The maintainer's existing defense at src/purify.ts:696-700 explicitly clones DEFAULT_ALLOWED_TAGS before mutating it via cfg.ADD_TAGS (array form), demonstrating awareness of this exact class. The hook path remained uncovered.
Affected
- DOMPurify ≤ 3.4.5, including
mainat7996f1dc78eb8b7922388aed75d94a9f8fad9a36 - Any application that installs a hook on
uponSanitizeElementoruponSanitizeAttributethat writes todata.allowedTags[...] = trueordata.allowedAttributes[...] = trueand later sanitizes attacker-influenced content with default config (no explicitcfg.ALLOWED_TAGS/cfg.ALLOWED_ATTRarray)
Vulnerability details
[A] — data.allowedTags is a reference to ALLOWED_TAGS
src/purify.ts:1206-1209:
_executeHooks(hooks.uponSanitizeElement, currentNode, {
tagName,
allowedTags: ALLOWED_TAGS, // [A] direct reference; hook mutation
// mutates the very ALLOWED_TAGS the
// library checks on the next element
});
src/purify.ts:1494-1500 (the matching attribute hook):
const hookEvent = {
attrName: '',
attrValue: '',
keepAttr: true,
allowedAttributes: ALLOWED_ATTR, // [A'] same pattern
forceKeepAttr: undefined,
};
[B] — ALLOWED_TAGS = DEFAULT_ALLOWED_TAGS for default-cfg sanitize calls
src/purify.ts:527-531:
ALLOWED_TAGS =
objectHasOwnProperty(cfg, 'ALLOWED_TAGS') &&
arrayIsArray(cfg.ALLOWED_TAGS)
? addToSet({}, cfg.ALLOWED_TAGS, transformCaseFunc)
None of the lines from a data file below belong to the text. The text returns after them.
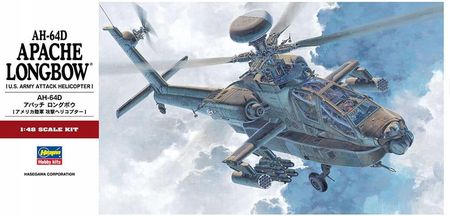 AH-64D Apache Longbow 1:48 Hasegawa PT23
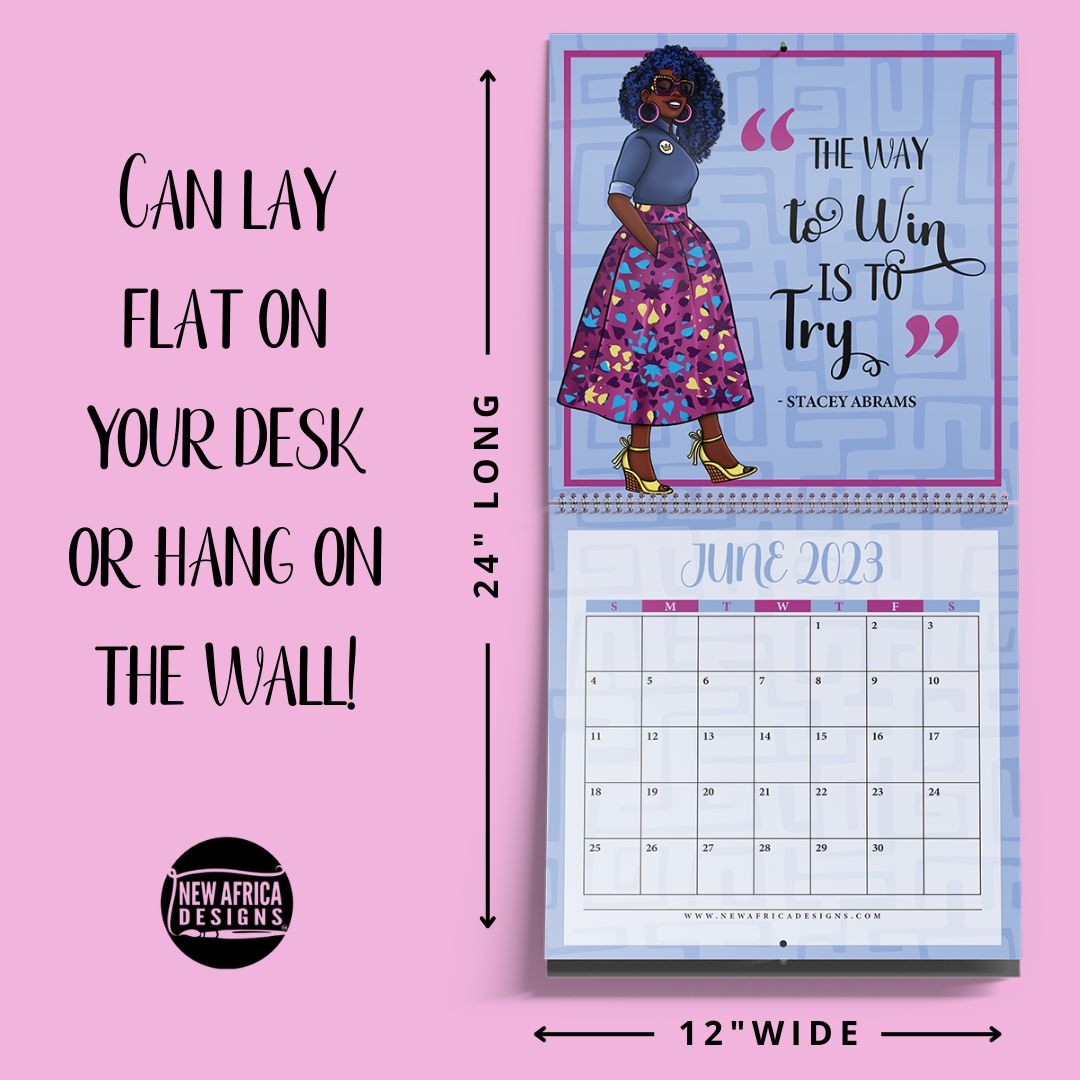 Hey Sis! 2023 Wall Calendar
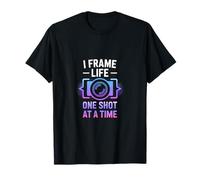 I Frame Life One Shot at A Time T-Shirt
: DEFAULT_ALLOWED_TAGS; // [B] reference assignment; ALLOWED_TAGS
// IS the DEFAULT_ALLOWED_TAGS object
(The ALLOWED_ATTR = DEFAULT_ALLOWED_ATTR path at :532-536 is symmetric.)
The mismatch
A hook author who writes data.allowedTags['script'] = true reasonably expects per-call scope — the API name is "data", suggesting per-event payload. But [A] makes this a direct reference, and [B] makes that reference equal to the module-level default for the common default-cfg path. The hook's mutation therefore writes to a constant that every subsequent default-cfg sanitize call rebinds to.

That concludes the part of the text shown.